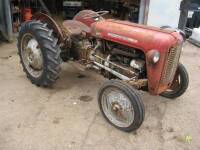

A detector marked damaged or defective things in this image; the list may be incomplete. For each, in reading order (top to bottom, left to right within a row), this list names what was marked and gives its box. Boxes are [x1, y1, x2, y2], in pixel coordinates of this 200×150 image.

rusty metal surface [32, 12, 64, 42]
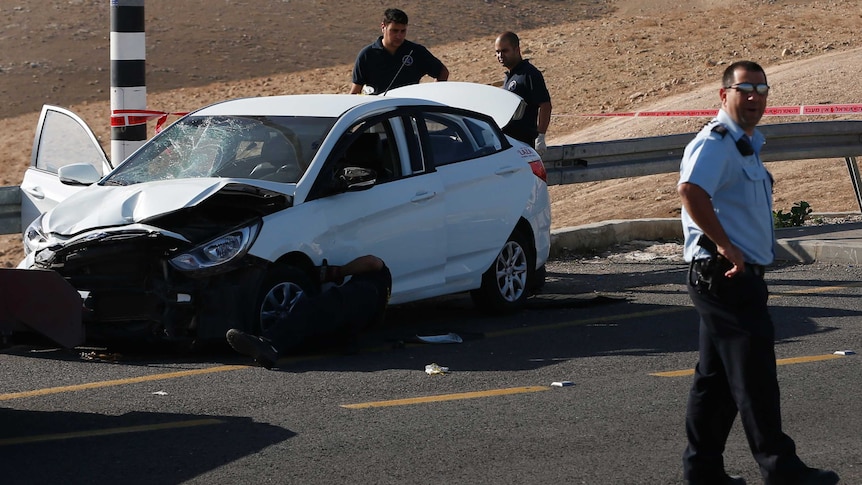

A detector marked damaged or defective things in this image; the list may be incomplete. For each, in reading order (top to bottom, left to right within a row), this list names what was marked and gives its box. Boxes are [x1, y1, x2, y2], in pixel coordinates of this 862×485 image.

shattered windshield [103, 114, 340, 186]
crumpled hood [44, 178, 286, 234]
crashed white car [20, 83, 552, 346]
======
#### Task
The data must be reproduced exactly, and no picture may appear in the copy.

#### Response for this exercise
A detector marked damaged or defective things in this image; the list may be incomplete. For each, in reading order (top to bottom, left to right within a row), this list names what was marked and gives its box. Boxes are [x1, y1, x2, y2], in pixel coordinates of this 200×150 image.

rusty metal surface [32, 12, 64, 42]

A detector marked damaged or defective things in this image; the list may be incomplete. For each, in reading order (top to bottom, left to right within a row), this list names what was marked and gives its box. Boxes are [x1, y1, x2, y2], in pixel coordinates of this 862×485 image.

shattered windshield [103, 114, 340, 186]
crumpled hood [44, 178, 286, 234]
crashed white car [20, 83, 552, 346]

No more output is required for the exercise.